CodeGraphContext's bug is simpler than Graphiti's label injection and less exposed than a public API server. Its importance is the trust boundary. The visualiser looked like a local developer convenience, but wildcard CORS turned it into a browser-reachable API. The database looked like an internal implementation detail, but custom Cypher made it a user-controlled query engine.

What remains to harden

PR #882 removes the most damaging class of impact by rejecting write Cypher. It does not make the visualisation server a hardened remote interface.

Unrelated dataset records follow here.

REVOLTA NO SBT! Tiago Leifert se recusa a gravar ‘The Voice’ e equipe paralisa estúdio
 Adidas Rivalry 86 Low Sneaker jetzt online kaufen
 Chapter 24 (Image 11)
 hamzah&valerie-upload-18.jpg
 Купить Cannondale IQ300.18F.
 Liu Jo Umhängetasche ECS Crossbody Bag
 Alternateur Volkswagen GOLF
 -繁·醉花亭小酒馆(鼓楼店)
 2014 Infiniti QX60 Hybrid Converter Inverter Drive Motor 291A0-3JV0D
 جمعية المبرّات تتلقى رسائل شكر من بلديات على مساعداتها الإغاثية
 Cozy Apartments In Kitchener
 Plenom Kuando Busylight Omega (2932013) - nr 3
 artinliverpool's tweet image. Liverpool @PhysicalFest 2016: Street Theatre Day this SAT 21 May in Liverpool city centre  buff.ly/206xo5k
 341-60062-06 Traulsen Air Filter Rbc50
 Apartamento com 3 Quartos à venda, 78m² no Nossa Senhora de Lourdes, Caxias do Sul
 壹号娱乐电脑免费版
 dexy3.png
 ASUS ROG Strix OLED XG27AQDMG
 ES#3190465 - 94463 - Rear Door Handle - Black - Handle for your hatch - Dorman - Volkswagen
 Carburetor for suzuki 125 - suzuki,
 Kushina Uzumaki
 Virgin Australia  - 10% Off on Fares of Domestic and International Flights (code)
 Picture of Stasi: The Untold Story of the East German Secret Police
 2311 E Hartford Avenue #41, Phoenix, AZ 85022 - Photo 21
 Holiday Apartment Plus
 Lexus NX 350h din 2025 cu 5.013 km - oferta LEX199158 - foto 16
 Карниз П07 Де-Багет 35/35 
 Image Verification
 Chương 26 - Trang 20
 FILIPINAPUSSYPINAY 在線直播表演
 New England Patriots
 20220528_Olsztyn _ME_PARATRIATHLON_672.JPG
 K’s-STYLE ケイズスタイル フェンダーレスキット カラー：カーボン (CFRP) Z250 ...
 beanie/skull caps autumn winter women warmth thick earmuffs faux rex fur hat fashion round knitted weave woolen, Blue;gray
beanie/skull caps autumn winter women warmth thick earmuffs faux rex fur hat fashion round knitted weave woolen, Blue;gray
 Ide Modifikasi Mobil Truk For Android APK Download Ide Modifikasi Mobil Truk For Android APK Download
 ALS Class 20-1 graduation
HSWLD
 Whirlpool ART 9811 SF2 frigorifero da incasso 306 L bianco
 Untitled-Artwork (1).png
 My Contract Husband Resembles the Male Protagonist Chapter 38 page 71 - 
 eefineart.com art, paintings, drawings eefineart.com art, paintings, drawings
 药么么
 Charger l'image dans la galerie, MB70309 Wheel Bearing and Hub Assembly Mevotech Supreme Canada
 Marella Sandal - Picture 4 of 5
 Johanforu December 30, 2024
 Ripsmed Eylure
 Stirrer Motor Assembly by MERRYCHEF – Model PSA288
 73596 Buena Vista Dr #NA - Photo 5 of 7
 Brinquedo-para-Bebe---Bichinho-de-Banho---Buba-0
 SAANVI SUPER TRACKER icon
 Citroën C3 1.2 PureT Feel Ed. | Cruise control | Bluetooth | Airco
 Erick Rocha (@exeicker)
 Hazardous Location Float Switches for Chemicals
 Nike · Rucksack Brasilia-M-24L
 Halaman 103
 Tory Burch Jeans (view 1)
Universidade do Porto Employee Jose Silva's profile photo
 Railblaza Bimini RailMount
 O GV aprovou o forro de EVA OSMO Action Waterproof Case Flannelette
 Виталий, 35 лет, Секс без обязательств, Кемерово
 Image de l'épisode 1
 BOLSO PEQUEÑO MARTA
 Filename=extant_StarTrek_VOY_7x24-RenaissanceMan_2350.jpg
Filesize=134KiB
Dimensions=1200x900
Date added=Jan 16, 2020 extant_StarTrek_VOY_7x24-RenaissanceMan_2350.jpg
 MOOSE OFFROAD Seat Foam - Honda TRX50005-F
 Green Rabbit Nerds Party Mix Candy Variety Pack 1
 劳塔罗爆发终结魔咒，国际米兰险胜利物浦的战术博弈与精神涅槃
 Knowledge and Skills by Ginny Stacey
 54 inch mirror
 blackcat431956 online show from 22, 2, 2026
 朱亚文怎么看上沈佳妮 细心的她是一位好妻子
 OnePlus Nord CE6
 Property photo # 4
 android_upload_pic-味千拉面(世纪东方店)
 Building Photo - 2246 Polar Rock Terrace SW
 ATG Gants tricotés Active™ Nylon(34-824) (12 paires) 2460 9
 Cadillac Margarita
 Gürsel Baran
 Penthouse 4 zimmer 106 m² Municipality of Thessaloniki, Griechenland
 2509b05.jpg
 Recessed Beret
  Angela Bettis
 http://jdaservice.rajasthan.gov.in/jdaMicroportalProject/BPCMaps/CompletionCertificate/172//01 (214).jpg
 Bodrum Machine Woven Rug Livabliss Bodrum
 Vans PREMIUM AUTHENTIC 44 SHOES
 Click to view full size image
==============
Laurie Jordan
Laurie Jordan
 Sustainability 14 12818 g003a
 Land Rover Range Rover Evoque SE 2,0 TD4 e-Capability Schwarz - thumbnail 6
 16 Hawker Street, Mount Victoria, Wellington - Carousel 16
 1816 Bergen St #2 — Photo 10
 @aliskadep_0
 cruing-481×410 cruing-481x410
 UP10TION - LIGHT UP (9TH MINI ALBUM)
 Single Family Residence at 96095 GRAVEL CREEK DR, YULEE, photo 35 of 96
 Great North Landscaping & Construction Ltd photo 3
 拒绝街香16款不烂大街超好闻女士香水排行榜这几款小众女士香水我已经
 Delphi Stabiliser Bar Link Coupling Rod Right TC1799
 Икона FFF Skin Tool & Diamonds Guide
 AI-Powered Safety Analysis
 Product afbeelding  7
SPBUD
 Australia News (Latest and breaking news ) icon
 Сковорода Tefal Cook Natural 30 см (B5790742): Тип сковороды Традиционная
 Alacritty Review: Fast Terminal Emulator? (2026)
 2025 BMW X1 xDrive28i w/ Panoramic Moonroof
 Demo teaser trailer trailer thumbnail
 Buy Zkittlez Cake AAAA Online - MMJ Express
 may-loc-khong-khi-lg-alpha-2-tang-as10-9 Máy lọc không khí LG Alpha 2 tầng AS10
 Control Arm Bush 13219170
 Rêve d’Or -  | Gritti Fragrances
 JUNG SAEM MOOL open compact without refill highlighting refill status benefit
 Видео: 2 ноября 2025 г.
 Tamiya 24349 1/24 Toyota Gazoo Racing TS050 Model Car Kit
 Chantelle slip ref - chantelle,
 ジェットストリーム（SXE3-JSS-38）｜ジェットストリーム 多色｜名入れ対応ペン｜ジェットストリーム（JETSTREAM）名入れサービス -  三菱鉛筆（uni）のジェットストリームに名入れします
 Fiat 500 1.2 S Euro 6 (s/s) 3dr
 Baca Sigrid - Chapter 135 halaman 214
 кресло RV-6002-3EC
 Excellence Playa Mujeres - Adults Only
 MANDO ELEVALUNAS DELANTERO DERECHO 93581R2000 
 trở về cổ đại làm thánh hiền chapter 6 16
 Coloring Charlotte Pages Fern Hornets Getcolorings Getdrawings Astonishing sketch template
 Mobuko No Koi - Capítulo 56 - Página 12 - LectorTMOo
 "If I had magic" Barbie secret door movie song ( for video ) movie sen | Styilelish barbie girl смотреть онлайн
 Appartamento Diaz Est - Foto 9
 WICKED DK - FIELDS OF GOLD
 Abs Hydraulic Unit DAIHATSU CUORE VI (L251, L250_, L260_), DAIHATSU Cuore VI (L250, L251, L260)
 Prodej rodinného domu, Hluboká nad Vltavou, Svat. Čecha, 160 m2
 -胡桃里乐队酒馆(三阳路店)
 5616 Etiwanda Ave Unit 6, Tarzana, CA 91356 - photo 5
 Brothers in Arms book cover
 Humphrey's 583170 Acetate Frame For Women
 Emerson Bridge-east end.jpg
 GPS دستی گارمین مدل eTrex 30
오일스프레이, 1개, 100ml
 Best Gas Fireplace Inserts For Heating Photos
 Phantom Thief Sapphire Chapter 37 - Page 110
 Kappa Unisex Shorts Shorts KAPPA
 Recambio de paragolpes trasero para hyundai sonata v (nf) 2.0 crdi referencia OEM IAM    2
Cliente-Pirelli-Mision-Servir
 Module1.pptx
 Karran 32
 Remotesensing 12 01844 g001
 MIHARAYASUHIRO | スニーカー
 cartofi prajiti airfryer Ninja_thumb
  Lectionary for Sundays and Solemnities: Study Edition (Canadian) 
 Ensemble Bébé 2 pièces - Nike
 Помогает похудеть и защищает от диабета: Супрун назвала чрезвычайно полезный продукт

Three follow-ups are worth treating separately:

Follow-up	Reason
Tighten wildcard CORS	The root drive-by condition is any site being able to call the local visualiser
Use driver-level read transactions	`session.execute_read(...)` is a stronger boundary than keyword matching
Share the validator with the MCP handler	Copying the blocklist by convention creates drift risk

The second point is the most important long term. Keyword blocklists are useful guardrails, but they are not the same as a database-enforced read-only execution path. If the driver or database can enforce read semantics, the application should use that as the final boundary.

The uncomfortable lesson is that localhost is no longer a quiet place. Developer tools increasingly expose local HTTP servers to browsers, editors and AI agents. Once those tools add permissive CORS and privileged backends, the difference between "local convenience endpoint" and "attack surface" is one visited web page.